--- Task prompt ---
Reproduce exactly the lines below, from the first through the one containing "Spurstange MAPCO - 55624", and nothing more.

Collection entries:
Start of Block
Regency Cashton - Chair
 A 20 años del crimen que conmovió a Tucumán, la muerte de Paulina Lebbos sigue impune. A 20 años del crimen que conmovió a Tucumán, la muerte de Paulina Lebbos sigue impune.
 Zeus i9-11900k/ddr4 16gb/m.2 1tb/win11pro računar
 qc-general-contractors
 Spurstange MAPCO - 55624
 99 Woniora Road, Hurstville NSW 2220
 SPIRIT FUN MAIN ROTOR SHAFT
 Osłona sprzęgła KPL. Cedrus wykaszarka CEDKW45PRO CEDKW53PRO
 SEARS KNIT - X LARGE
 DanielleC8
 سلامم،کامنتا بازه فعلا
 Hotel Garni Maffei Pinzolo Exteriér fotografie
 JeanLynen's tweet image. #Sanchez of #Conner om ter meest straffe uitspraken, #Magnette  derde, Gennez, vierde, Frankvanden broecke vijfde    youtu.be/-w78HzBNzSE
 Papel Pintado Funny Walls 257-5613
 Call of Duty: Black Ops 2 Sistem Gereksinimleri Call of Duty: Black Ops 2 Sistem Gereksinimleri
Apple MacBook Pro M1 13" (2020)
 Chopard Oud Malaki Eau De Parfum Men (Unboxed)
End of Block
--- Reply ---
Regency Cashton - Chair
 A 20 años del crimen que conmovió a Tucumán, la muerte de Paulina Lebbos sigue impune. A 20 años del crimen que conmovió a Tucumán, la muerte de Paulina Lebbos sigue impune.
 Zeus i9-11900k/ddr4 16gb/m.2 1tb/win11pro računar
 qc-general-contractors
 Spurstange MAPCO - 55624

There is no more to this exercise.